Ramgarh Raj
- Period: 1918 – 3 February 1984
- Predecessor: Maharaj Kumar Rameshwar Narain Singh
- Successor: Maharaj Kumar M. Narain Singh Gazi Sarkar Sahib
- Born: 9 April 1918 Padhma Palace, Ramgarh Raj, India
- Died: 3 February 1984 (aged 65) Hazaribagh, Bihar
- Spouse: Kunwarani Vijaya Raje
- Issue: Maharaj Kumar M. Narain Singh Gazi Sarkar Sahib and Kunwarani Bhavna Raje
- Father: Maharaja Lakshmi Narain Singh Bahadur
- Mother: Maharajmata Shashank Manjiri Devi
- Religion: Hinduism

= Basant Narain Singh =

Maharaj Kumar Dr. Basant Narain Singh (b. at Padma Lakshmi Nivas Palace, Hazaribagh District, April 9, 1918) was an Indian politician and a member of the 7th Lok Sabha representing Hazaribagh (Lok Sabha constituency) of Bihar State.

==Education and career==
Singh was educated at Rajkumar College, Raipur and at Mayo College, Ajmer.

He was also elected as a member of the 3rd, 4th, and 6th Lok Sabha of the Indian Parliament.
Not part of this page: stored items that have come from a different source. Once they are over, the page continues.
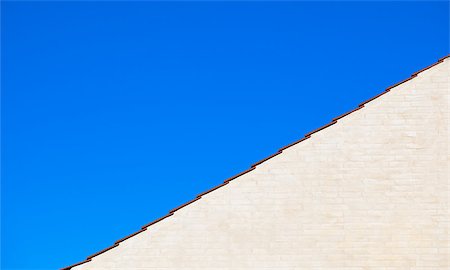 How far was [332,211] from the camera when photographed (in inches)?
625

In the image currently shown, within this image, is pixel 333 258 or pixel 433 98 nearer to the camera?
pixel 333 258

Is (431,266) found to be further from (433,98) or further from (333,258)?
(433,98)

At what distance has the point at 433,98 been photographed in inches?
653

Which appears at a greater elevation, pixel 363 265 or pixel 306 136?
pixel 306 136

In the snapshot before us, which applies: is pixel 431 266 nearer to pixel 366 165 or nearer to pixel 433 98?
pixel 366 165

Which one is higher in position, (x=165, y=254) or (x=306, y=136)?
(x=306, y=136)

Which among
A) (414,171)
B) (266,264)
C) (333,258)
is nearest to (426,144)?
(414,171)

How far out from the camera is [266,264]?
51.1 ft

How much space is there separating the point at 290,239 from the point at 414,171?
340 cm

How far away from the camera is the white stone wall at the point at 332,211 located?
1563 centimetres

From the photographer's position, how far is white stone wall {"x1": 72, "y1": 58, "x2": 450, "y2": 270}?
51.3ft

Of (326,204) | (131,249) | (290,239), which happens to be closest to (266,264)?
(290,239)

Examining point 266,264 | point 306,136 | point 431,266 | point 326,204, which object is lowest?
point 431,266

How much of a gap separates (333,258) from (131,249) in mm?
4710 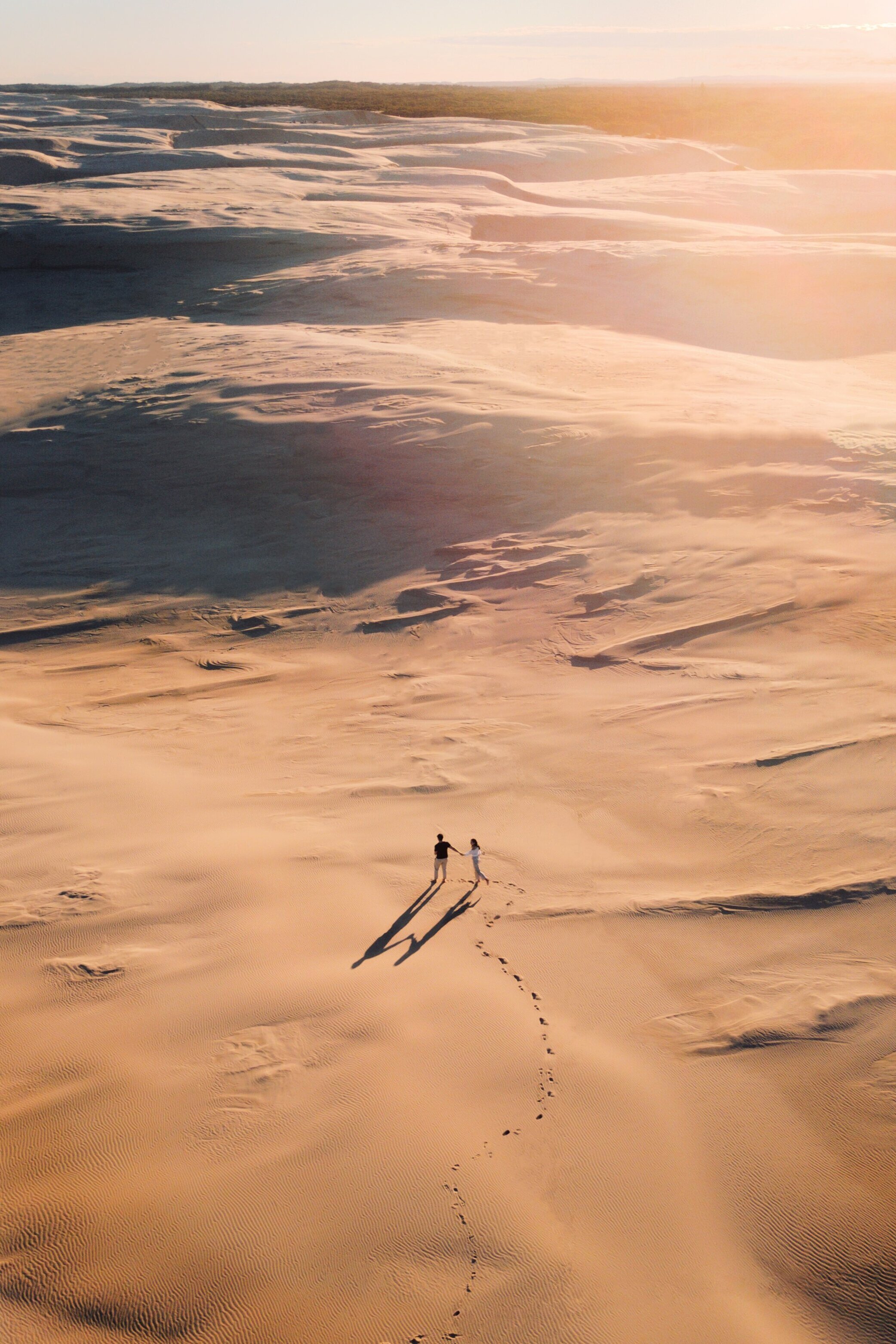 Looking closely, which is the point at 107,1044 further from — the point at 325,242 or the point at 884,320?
the point at 325,242

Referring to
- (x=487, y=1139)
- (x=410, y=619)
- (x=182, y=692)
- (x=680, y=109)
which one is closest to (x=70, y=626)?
(x=182, y=692)

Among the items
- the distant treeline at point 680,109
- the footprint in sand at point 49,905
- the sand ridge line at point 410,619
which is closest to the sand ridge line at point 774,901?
the footprint in sand at point 49,905

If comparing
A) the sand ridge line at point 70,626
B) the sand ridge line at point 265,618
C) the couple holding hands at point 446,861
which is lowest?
the couple holding hands at point 446,861

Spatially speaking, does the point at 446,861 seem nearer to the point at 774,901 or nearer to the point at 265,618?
the point at 774,901

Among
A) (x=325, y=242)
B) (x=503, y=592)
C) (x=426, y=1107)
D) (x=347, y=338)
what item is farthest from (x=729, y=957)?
(x=325, y=242)

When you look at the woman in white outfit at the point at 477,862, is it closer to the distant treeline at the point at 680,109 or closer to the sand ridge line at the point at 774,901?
the sand ridge line at the point at 774,901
He was a member of the Bihar State Legislative Assembly during 1952-62 and 1967–74 and Cabinet Minister in Bihar from 1967 to 1972 holding various portfolios such as forest, excise, jail, revenue, public works, and irrigation. He was the general secretary of the Janta Party which was formed by Maharaja of Ramgarh Raj.

==Personal life and family==
He belonged to the royal family of Ramgarh Raj. He married Kuwarani Vijaya Raje, the daughter of H.R.H. Maharaja Sir Udaji Rao II Parmar (Honorary A.D.C. to King of England) of Dhar State. They had two children, Maharaj Kumar Mayurdhwaja Narain Singh Gaji Sarkar Sahib and Kuwarani Bhawna Raje. Their residence was at Raja Kothi in Hazaribagh.

He was the younger brother of Maharaja Kamakhya Narain Singh Bahadur of Ramgarh Raj, son of the late Raja Lakshmi Narain Singh Bahadur and maternal great-grandson of Maharaja Raja Arjun Singh (freedom fighter) of Porahat Raj (Kolhan Estate).